Pearl's Causal Inference In Statistics: Study Question 1.5.3 Problem Statement: Consider a graph $X_1\to X_2\to X_3\to X_4$ of binary random variables, and assume
that the conditional probabilities between any two consecutive variables are given by
\begin{align*}
P(X_i=1|X_{i-1}=1)&=p\\
P(X_i=1|X_{i-1}=0)&=q\\
P(X_1=1)&=p_0.
\end{align*}
Compute the following probabilities
\begin{align*}
&P(X_1=1,X_2=0,X_3=1,X_4=0)\\
&P(X_4=1|X_1=1)\\
&P(X_1=1|X_4=1)\\
&P(X_3=1|X_1=0,X_4=1).
\end{align*}
My Answer: First, we have
\begin{align*}
P(X_1=1,X_2=0,X_3=1,X_4=0)
&=P(X_1=1)P(X_2=0|X_1=1)P(X_3=1|X_2=0)P(X_4=0|X_3=1)\\
&=p_0(1-p)^2q.
\end{align*}
This is due to the Rule of Product Decomposition. I understand how this works for conjunctions like the first probability. But I feel like that's a warmup question. Pearl has no examples to show how to compute these probabilities when you leave out terms in the graph. Can you please give me some hints on the last three probabilities? For example, how do you work forward through a graph, such as for $P(X_4=1|X_1=1),$ versus working backwards through the graph, such as for $P(X_1=1|X_4=1)?$
Thanks for your time!
 A: First write conditional probability formula:
$$P(X_4=1|X_1=1)=\frac{P(X_1=1,X_4=1)}{P(X_1=1)}$$
Then, write the numerator in terms of the full joint:
$$\begin{align}P(X_1=1,X_4=1)&=\sum_{x_2\in (0,1)}\sum_{x_3\in(0,1)}P(X_1=1,X_2=x_2,X_3=x_3,X_4=1)\end{align}$$
which can be calculated expanding the joint wrt graph provided.
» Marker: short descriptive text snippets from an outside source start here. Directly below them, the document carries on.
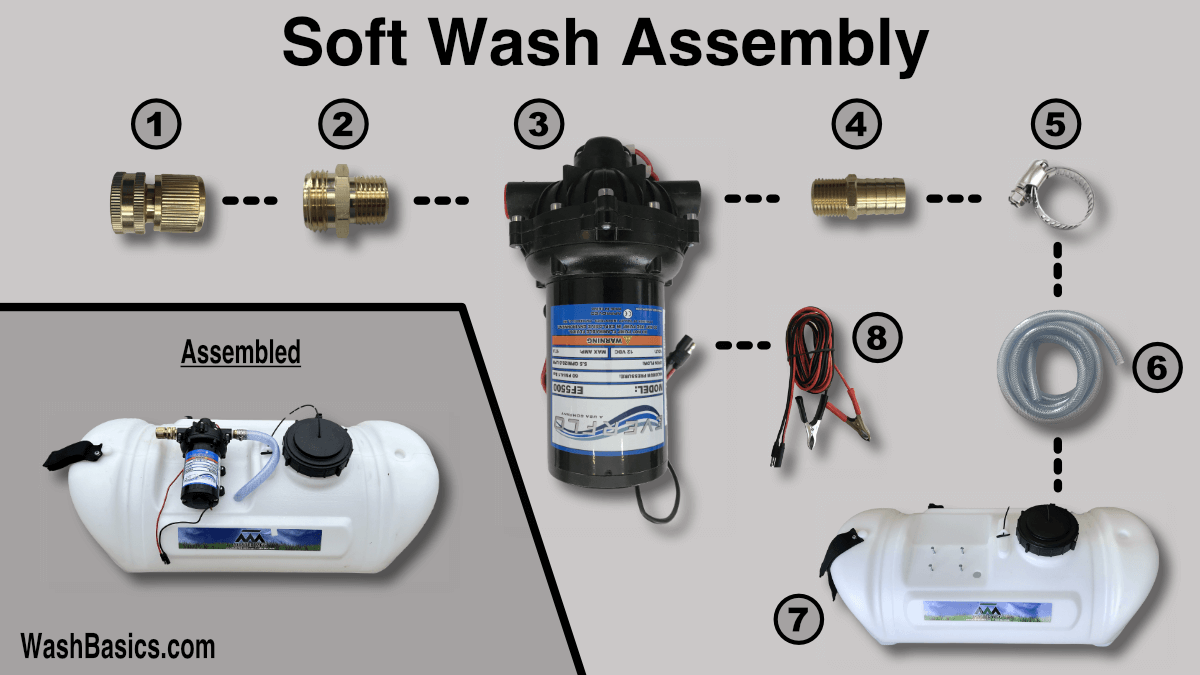 Soft Wash Assembly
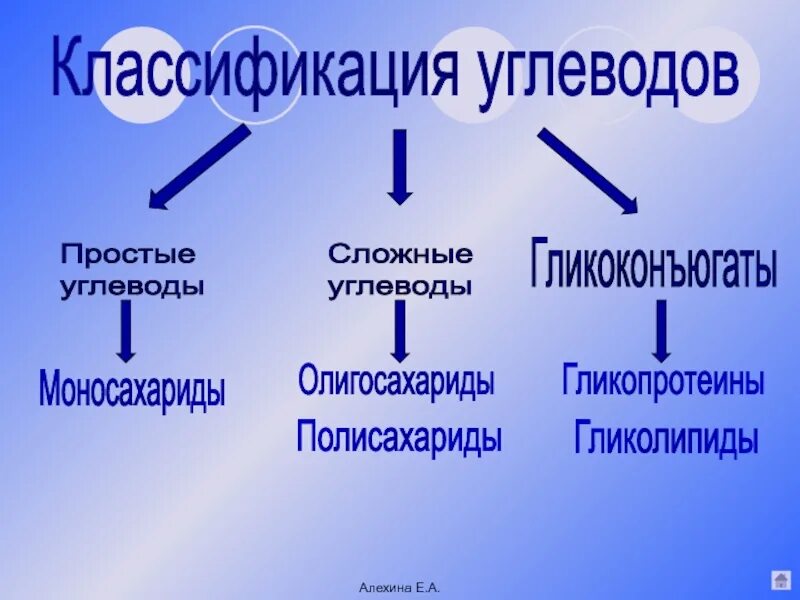 Углеводы урок 10 класс. Классификация углеводов. Презентация по химии на тему углеводы. Презентация: классификация углеводов химия. Углеводы презентация 10 класс.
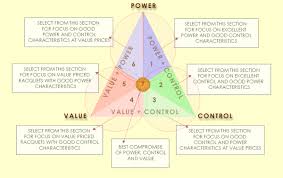 Image result for Beginners and Intermediate Badminton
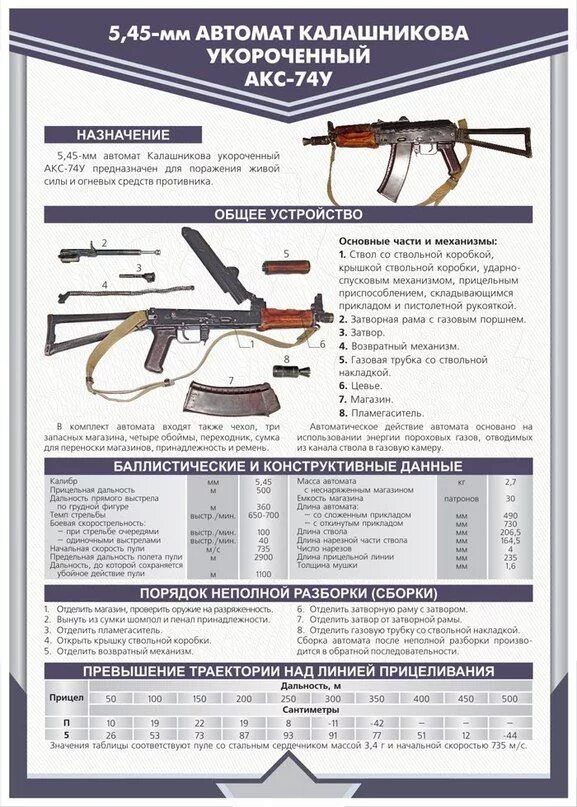 Порядок неполной разборки акс 74у Pinterest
You can calculate $P(X_4)$ to be used in $P(X_1=1|X_4=1)$ in a similar way.
A: Since this specification satisfies the Markov property, the simplest way to frame the problem is as a Markov chain.  Let $X_t$ denote the value at "time" $t$, and note that it has the transition probability matrix:
$$\mathbf{P} = \begin{bmatrix} 1-q & & q \\ 1-p & & p \\ \end{bmatrix}.$$
For simplicity, take the row labels and column labels for this matrix to be $i,j=0,1$.  All of the listed probabilities can be computed from standard probability results for discrete Morkov chains.  For example, to get the second probability on your list, you take three steps of the chain, using the transition probabilities in the matrix:
$$\mathbf{P}^3 = \begin{bmatrix} 
1 - q + q^2 - q^3 - q p + 2 q^2 p - q p^2 & & q - q^2 + q^3 - 2 q^2 p + q p^2 + q p \\[6pt]
1 - q + q^2 - q p - q^2 p + 2 q p^2 - p^3 & & q - q^2 + q p + q^2 p - 2 q p^2 + p^3 \\[6pt]
\end{bmatrix}.$$
So you get:
$$\begin{equation} \begin{aligned}
\mathbb{P}(X_4=1|X_1=1) = [\mathbf{P}^3]_{1,1} = q - q^2 + q p + q^2 p - 2 q p^2 + p^..
\end{aligned} \end{equation}$$
The remaining probabilities in the list can be obtained similarly, though in one case you should reverse the "time"-direction Markov chain.